José Cueli
El enigma de Diana

Singular mujer Diana; fue la joya del pueblo inglés, con sus encantadoras miradas, ingenuas sonrisas y la raza en el alma. Atributos con los que jugaba en medio del rígido comportamiento de la familia real, a la que desbordó. Jugueteo que le permitía que la vida se intensificará y la ternura que emanaba de su cuerpo --vestida de melancólicos matices-- embriagará al mundo y escondiera sus dolores y angustias, en la misma forma que los esconden los desposeídos, que se identificaron con ella.

Diana, imagen en movimiento que nos dejaba asomarnos a sus ojos como moras, turbadores del silencio. Deliciosa mirada cargada de misteriosa sexualidad, donde la canción de Plata pop, de Elton John, semejaba los trinos de escondidos ruiseñores en la llama del viento vuelta rosa de Inglaterra. La emoción gustada de los momentos fugaces. Esos que conformaron la vida de la reina de los ingleses. La que se fue entre sonrisas y la presión de sus enemigos, los paparazzi --máscaras del imperio británico--, que trataban de someterla y desdibujarle la coquetería que sedujo al mundo.

Cuando el espíritu de Diana se dilataba, el ser todo, parecía abrirse a una mayor ponderación de goces entrevistos. Los pálpitos de la piel se aceleraban y la sangre ardía. Viéndola destacarse (trabajando con los miserables y sidosos) sobre las abadías y palacios londinenses, cuyas piedras enrojecían el crepúsculo y pintaban la diabólica ensoñación de placeres desconocidos en sueños conducidos por la magia de la Reina de corazones, su sencillez encantadora, naturalidad humana, muy humana.

Miradas celestes que se perdían en otras miradas de nacimientos impreciso. Leyenda de la princesa popular que derrumbó a la corona británica gracias a la incomparable hermosura de una augusta magnificencia, aunada a la muerte prematura en pleno triunfo. Así desaparece Diana, rodeada del fervor mundial. Morirse en plena juventud, en el cenit de la belleza, tocada por un designio trágico, que era lo último que le faltaba: el enigma de lo desaparecido, que la inmortalizará.

Diana ha detenido en una milésima de segundo, al morir, el pulso del mundo. Se llevó los secretos de su fuerza magnética en cuerpo tan frágil, débil personalidad e inteligencia simple; sólo la elegancia de sus andares y gestos enmarcados de miradas centellantes, síntesis de la poesía inglesa que heredó, sedujo al mundo que la llora sintiéndose arrullado por la alegría de esta mujer excepcional que sacó de madre al imperio británico.
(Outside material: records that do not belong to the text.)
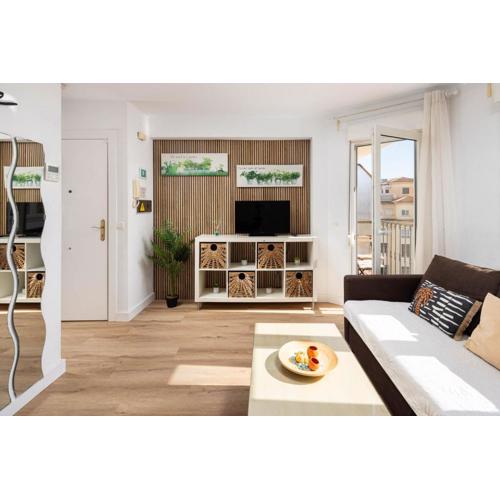 WonderStays Apartamentos Morgan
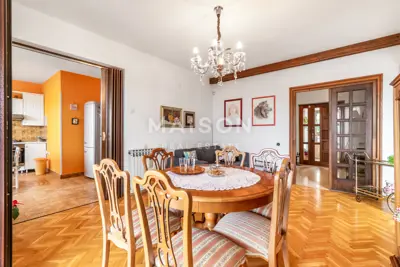 Kuća 230 m², Kostrena - pogled na more i vrt - 3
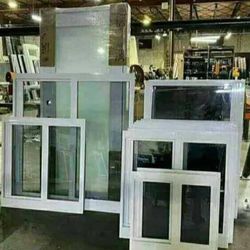 Reinforced Doors & Windows – Unique Opportunity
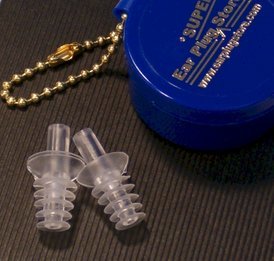 Got Ears?® MusicMinders™ Music Lover's Ear Plugs (NRR 19)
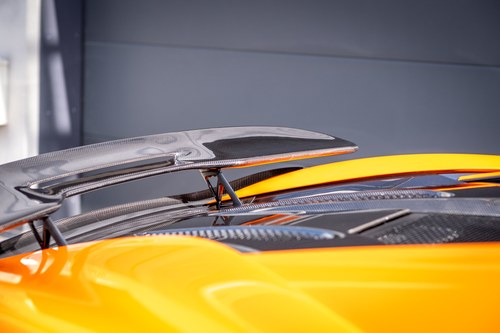 2017 McLaren 570S For Sale (picture 155 of 214)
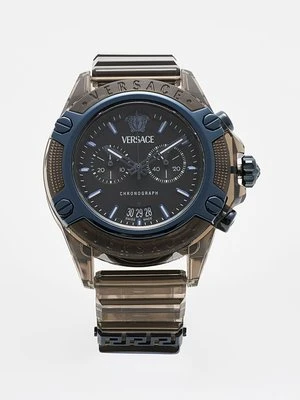 Zegarek chronograficzny Versace
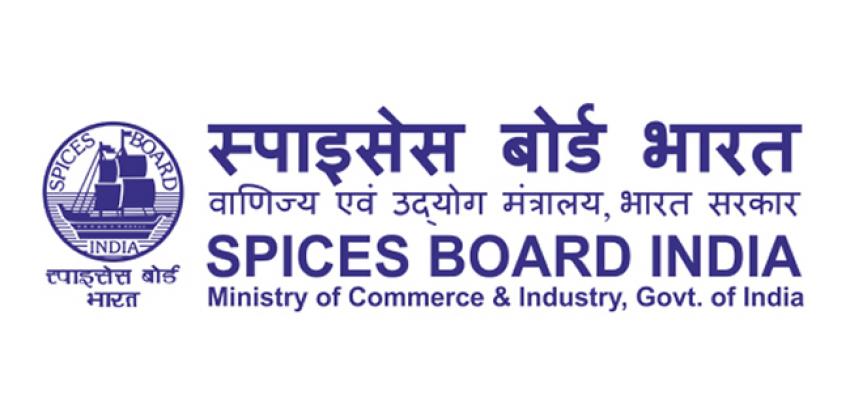 Executive, Technical Officer Posts in Spices Board of India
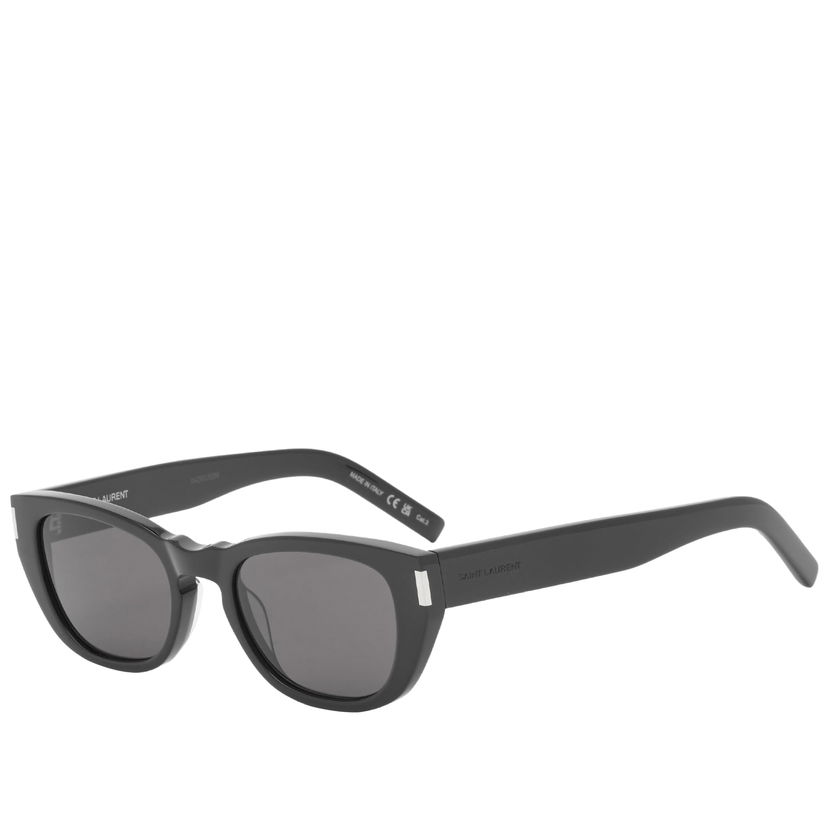 Sončna očala Saint Laurent Sunglasses Črna | 30014301001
En un estar y no estar que le ensanchaba el espíritu y llevaba a aspirar la potencia de vivir y cubrir ese vacío melancólico que la colocaba entre la vida-muerte.

En Diana me perdí para cubrir el aburrimiento de la tarde dominical, fría y lluviosa, en la que se lidió en la Plaza México una novillada de Carranco, acaramelada, mensona, sin fuerzas, con la que se desdibujaron los noveles matadores, dejándonos tener sueños imperiales con la deliciosa princesa.